Along similar lines, Mill argues that intellectual happiness exceeds that of bodily happiness. Unlike Jeremy Bentham – who considered all forms of happiness to be equal – Mill believes we should show a preference to the ‘higher’ forms of intellectual activity. His reasoning is as follows: if you ask someone acquainted with both forms of happiness, which one will they consider to be the greater of the two pleasures? Mill believes that this person will always choose the higher pleasure. No intelligent being will consent to having their intelligence lowered to that of a ‘fool’ or an animal. Mill believes this proves that we really desire intellectual pleasures more than anything.
As a philosopher, we can see why such a point-of-view appealed to Mill, but it is difficult to see how we can convince the ‘common person’ that intellectual pleasures are more worthwhile than bodily pleasures. Is it also really true that someone acquainted with both would always choose the intellectual pleasures? Everyone needs to relax in some way, and if this means bodily pleasure, it’s difficult to conclude that this is a lesser pleasure. Perhaps a more realistic model here is that both intellectual pleasures and bodily pleasures are equally as important. By following Mill and preferring intellectual pleasures, this opens up utilitarianism to the objection that it is an elitist system.
The next question worth asking Mill is why he considers happiness to be the ultimate end, when in fact people will often have other ends in mind. Possible ends include money, power, fame and virtue. Mill discusses this question in depth in chapter 4 of ‘Utilitarianism’ and concludes that all these other ends still have happiness as the ultimate end.
If we consider the example of someone who loves money, we will have to ask him why he loves money. This person will respond that he wants to live in a large house with lots of expensive furniture. So we’ve determined straightaway that money is not the ultimate end, rather it leads to the ability to acquire more property. But is that still the ultimate end? Mill would argue ‘no’. He wants the fancy house because he believes it will make him happier. I believe Mill is persuasive on this point. As he himself points us, even if we don’t agree that pleasure is a suitable goal, we must at least agree that a life free of pain is worthwhile. Utilitarianism is concerned with both – an increase of pleasure, and a decrease of pain.

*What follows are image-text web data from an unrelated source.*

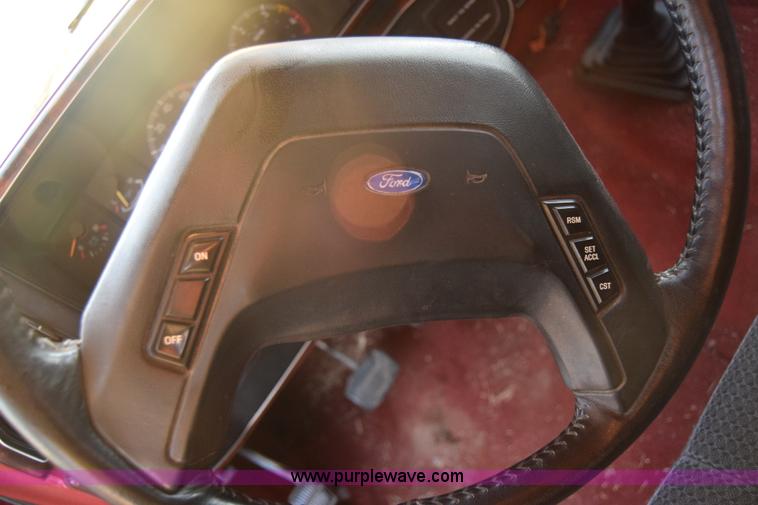 image for item L1018 1989 Ford F350 Crew Cab pickup truck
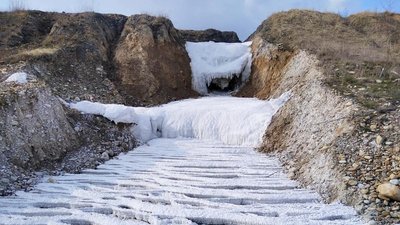 Гірський рятувальник оприлюднив світлини прикарпатського Памуккале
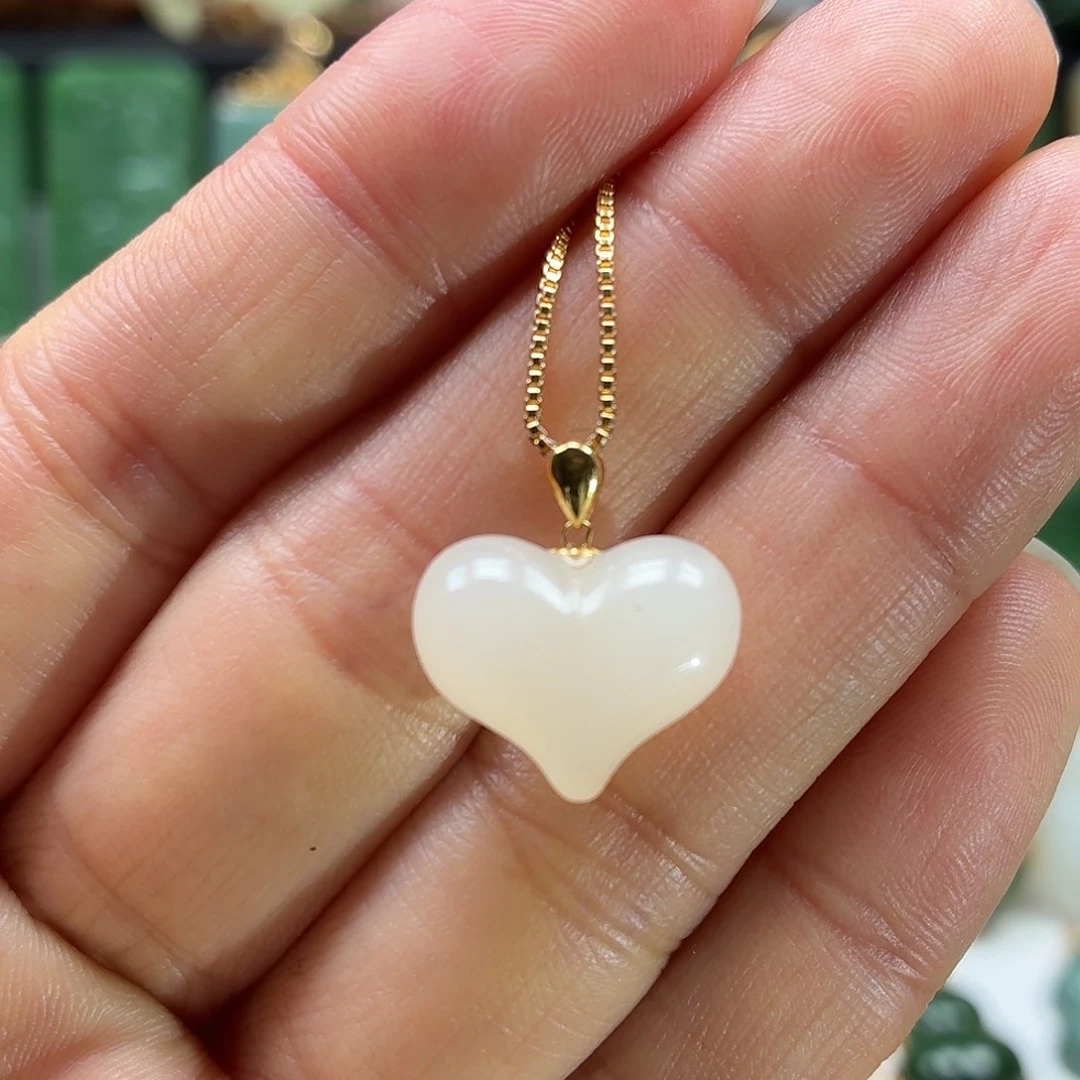 和田玉18K金镶嵌颈饰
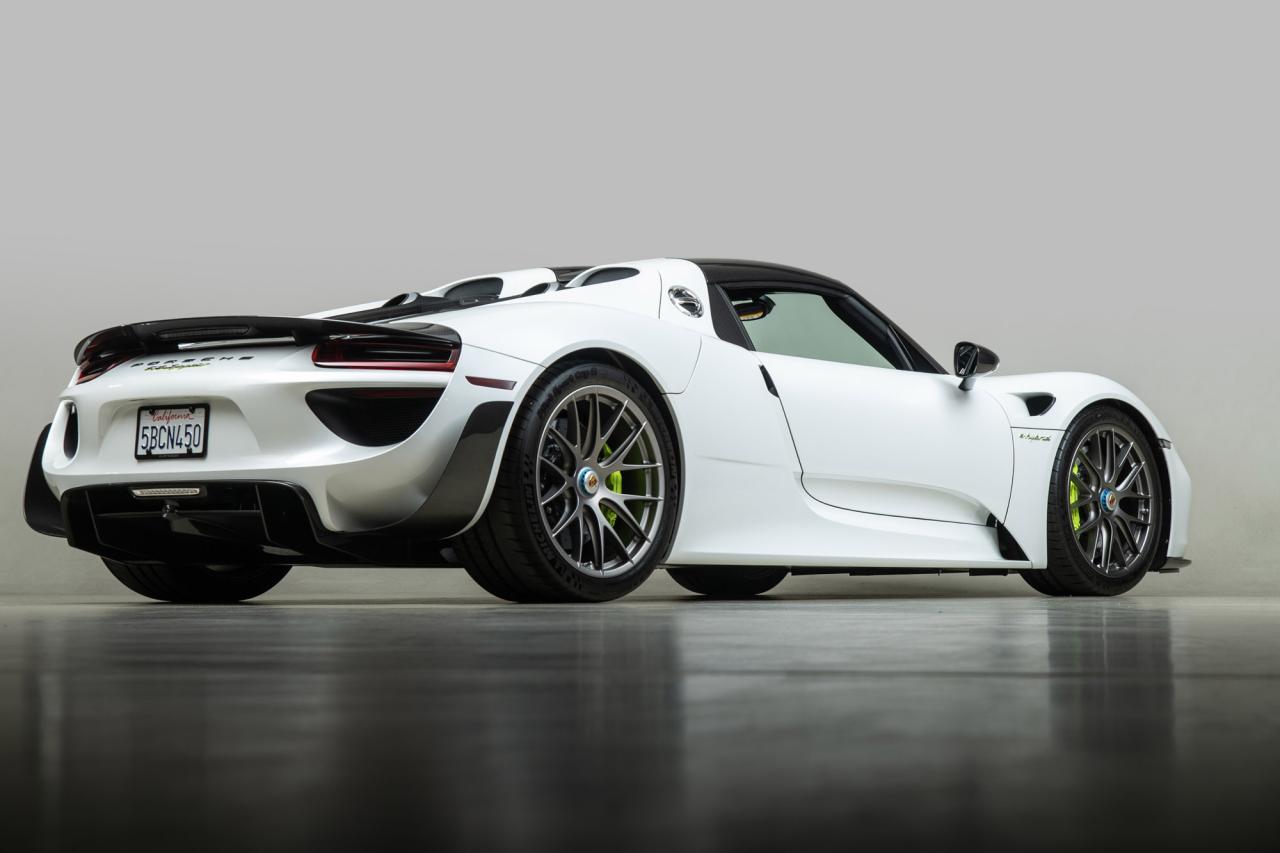 2015 Porsche 918 Spyder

To conclude, I would agree that Mill offers a suitable candidate for why we should follow a moral theory. It is difficult to think of any other reason apart from happiness why we should act in an ethical fashion towards others. And he is right to confirm that overall happiness is more important than the happiness of the agent. Any persuasive theory of ethics should have the community in mind, since this is what ethics concerns, our interactions and relationships with other people. Although the actual doctrine of utilitarianism might lead to unfair results in some cases, such as the exploitation of minorities, we should not ignore Mill’s general message. Happiness is a goal worth pursuing as an end, not just as a means.